The output is the lines below from the one with "Washed White Pants Size 2" through the one with "Instituição planeja aplicar", both included, printed exactly and with no other line.
[Dataset entries — start]
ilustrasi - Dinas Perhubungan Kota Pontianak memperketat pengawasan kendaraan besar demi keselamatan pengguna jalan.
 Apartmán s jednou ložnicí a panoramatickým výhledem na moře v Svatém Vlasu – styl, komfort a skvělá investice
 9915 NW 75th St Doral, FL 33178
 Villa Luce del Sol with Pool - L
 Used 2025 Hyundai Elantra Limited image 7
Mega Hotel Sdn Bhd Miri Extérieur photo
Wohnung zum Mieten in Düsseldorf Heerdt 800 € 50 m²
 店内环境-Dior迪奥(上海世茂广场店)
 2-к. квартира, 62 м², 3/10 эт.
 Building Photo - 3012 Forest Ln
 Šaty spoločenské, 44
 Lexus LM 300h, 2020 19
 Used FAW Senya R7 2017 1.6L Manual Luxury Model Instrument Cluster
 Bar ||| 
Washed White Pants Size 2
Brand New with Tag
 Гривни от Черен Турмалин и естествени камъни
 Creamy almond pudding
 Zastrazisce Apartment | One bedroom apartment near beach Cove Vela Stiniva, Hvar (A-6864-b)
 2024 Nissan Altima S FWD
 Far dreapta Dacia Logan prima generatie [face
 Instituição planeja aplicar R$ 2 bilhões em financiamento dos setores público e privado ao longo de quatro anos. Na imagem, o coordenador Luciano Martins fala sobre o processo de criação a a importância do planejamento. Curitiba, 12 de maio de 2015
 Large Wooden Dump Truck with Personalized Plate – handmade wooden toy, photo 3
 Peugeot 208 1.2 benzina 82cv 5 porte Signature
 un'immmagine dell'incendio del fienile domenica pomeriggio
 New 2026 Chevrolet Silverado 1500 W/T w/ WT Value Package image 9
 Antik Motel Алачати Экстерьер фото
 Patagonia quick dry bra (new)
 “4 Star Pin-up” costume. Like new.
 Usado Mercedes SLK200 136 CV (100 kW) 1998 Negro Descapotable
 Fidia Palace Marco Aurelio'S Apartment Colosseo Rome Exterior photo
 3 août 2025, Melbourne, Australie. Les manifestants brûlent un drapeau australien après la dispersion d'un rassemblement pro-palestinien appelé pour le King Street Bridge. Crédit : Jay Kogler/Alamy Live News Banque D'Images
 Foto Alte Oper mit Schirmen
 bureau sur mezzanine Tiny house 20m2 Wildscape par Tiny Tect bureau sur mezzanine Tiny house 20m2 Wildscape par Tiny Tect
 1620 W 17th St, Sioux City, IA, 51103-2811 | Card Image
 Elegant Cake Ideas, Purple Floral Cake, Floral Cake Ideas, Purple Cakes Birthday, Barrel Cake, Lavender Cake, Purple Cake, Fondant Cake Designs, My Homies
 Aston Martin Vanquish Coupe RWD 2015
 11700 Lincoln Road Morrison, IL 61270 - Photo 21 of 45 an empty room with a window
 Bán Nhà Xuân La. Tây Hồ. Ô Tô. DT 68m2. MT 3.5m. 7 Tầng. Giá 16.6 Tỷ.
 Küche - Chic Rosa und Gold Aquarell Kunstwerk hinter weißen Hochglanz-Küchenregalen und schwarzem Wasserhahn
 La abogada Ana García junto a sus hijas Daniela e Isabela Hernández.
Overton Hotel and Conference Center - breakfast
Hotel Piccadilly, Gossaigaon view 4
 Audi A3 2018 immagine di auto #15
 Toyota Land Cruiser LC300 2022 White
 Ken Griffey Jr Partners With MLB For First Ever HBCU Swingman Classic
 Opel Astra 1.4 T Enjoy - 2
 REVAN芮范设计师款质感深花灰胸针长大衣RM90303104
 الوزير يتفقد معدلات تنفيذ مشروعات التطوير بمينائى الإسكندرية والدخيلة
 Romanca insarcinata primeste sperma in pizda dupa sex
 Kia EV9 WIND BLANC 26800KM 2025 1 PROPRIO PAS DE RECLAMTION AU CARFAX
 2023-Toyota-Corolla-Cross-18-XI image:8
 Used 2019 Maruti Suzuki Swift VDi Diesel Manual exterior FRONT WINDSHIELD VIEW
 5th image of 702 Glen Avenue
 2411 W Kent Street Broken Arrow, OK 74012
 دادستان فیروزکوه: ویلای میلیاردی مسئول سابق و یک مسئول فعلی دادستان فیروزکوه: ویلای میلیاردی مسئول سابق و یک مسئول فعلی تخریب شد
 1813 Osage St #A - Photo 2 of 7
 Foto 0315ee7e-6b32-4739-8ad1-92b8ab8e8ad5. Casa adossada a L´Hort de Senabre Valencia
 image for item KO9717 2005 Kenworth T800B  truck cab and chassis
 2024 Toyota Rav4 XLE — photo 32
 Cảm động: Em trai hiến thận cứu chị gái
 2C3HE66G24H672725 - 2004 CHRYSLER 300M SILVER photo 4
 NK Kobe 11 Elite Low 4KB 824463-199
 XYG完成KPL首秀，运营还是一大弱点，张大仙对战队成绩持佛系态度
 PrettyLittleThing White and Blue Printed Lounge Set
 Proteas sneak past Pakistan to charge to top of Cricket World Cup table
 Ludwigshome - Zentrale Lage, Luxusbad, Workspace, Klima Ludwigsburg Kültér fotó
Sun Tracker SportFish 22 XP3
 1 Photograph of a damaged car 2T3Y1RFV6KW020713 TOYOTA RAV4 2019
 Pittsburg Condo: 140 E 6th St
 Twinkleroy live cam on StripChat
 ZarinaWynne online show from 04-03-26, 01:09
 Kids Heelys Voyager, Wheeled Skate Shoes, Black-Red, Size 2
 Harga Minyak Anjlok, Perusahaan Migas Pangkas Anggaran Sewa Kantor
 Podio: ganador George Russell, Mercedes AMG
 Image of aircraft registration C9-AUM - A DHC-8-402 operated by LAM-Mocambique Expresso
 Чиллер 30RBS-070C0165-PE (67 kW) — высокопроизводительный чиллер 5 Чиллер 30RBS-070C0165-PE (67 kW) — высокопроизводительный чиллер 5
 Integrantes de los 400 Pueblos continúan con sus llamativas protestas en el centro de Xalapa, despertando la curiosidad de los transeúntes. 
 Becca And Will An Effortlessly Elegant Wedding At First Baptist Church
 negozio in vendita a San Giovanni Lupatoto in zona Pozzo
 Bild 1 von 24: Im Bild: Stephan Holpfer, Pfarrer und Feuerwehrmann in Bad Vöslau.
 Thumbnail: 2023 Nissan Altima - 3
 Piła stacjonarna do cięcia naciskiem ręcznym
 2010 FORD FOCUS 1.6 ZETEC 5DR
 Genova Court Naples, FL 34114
[Dataset entries — finish]
# The completed task:
Washed White Pants Size 2
Brand New with Tag
 Гривни от Черен Турмалин и естествени камъни
 Creamy almond pudding
 Zastrazisce Apartment | One bedroom apartment near beach Cove Vela Stiniva, Hvar (A-6864-b)
 2024 Nissan Altima S FWD
 Far dreapta Dacia Logan prima generatie [face
 Instituição planeja aplicar R$ 2 bilhões em financiamento dos setores público e privado ao longo de quatro anos. Na imagem, o coordenador Luciano Martins fala sobre o processo de criação a a importância do planejamento. Curitiba, 12 de maio de 2015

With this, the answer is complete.